Vicki Vinton is a literacy consultant and writer who brings her passion for language and literature, and her abiding belief in the power of children and teachers to grow as thinkers and learners, to every setting she works in.
Vicki began her career at the Teachers College Reading & Writing Project where she worked as a writer-in-residence before becoming one of the Project's teacher-trainers. Since then, she has worked in schools and districts across the country and around the world for nearly twenty years, and she’s a regular presenter at NCTE's annual convention as well as at institutes and conferences both at home and abroad. As a member of the Metamorphosis family she provides literacy coaching and facilitates coaching and leadership institutes.

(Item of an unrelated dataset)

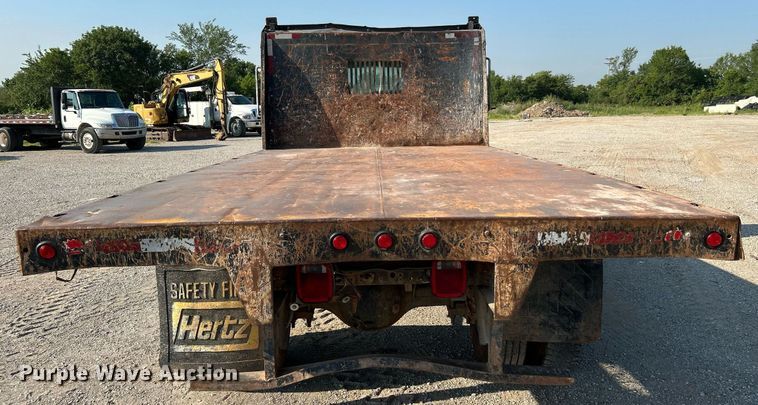 image for item DJ6264 2005 Ford F650 Super Duty  dump flatbed truck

With her colleague Dorothy Barnhouse, Vicki is the author of What Readers Really Do: Teaching the Process of Meaning Making (Heinemann, 2012), which has been called "the best book . . . about reading in the age of the Common Core" by Kim Yaris at Burkins & Yaris. Her other books include The Power of Grammar: Unconventional Approaches to the Conventions of Grammar (Heinemann, 2005), co-authored with Mary Ehrenworth, and, under her full name Victoria Vinton, the novel The Jungle Law (MacAdam/Cage 2005). She is also the voice behind the literacy blog To Make a Prairie (http://tomakeaprairie.wordpress.com), where she regularly shares resources, new ideas and classroom stories, and is a contributor to The Teacher You Want to Be: Essays about Children, Learning, and Teaching (Heinemann, 2015).
Q: What are you most passionate about in education?

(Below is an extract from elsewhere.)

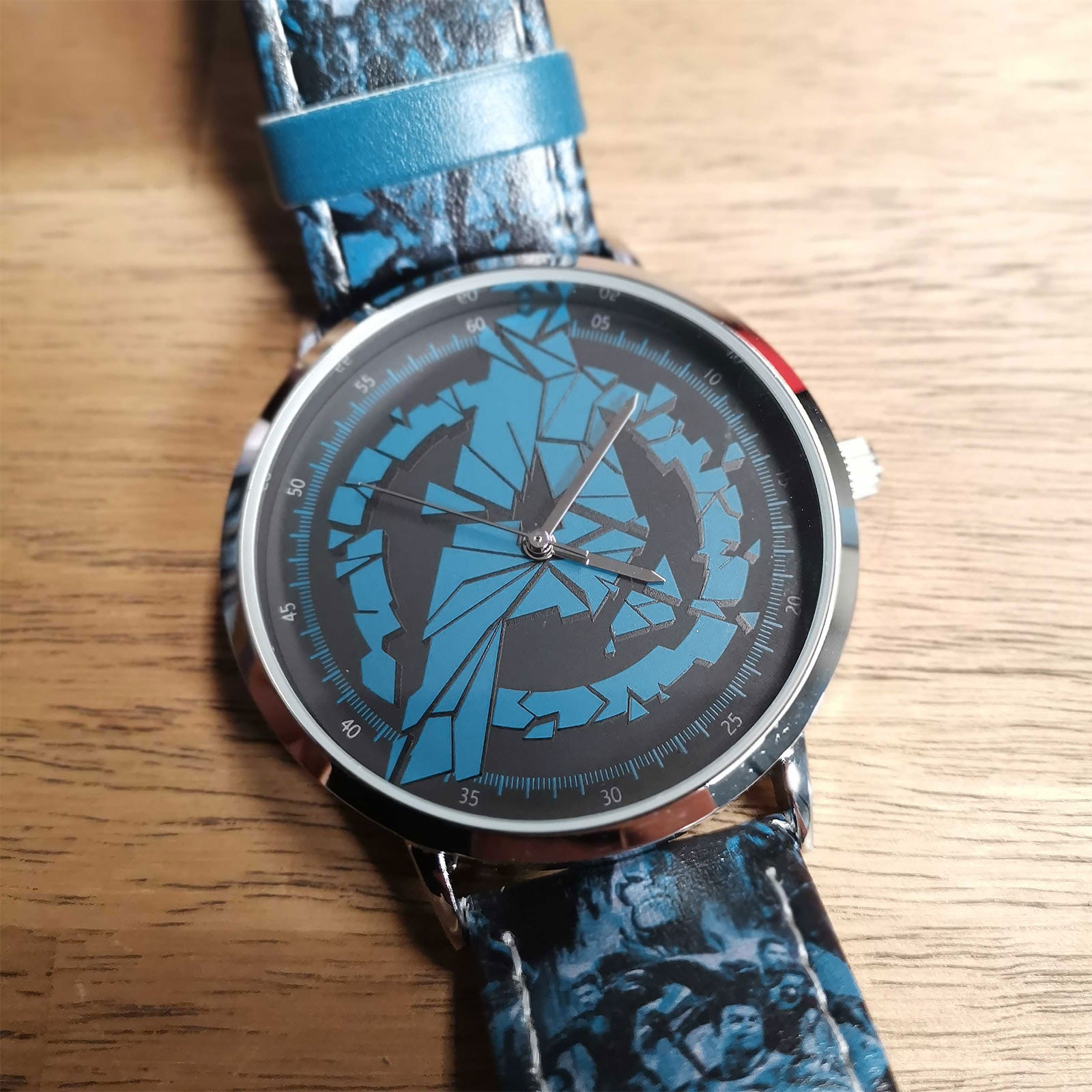 Product image Avengers - Logo Wristwatch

Helping teachers to help every student in their classrooms to fall in love with reading and the power of language to connect and uplift us.
Q: What do you love about Metamorphosis?
I love the way my Metamorphosis colleagues keep me thinking, learning and growing. I always leave meetings energized and excited to share new ideas with the teachers and schools I work with.
Q: What do you want to influence in education?
I want to empower teachers to re-envision their role in classrooms: from helping their students master standards and skills to helping them develop identities and agency as readers and writers and build their capacities as critical and creative problem solvers and thinkers.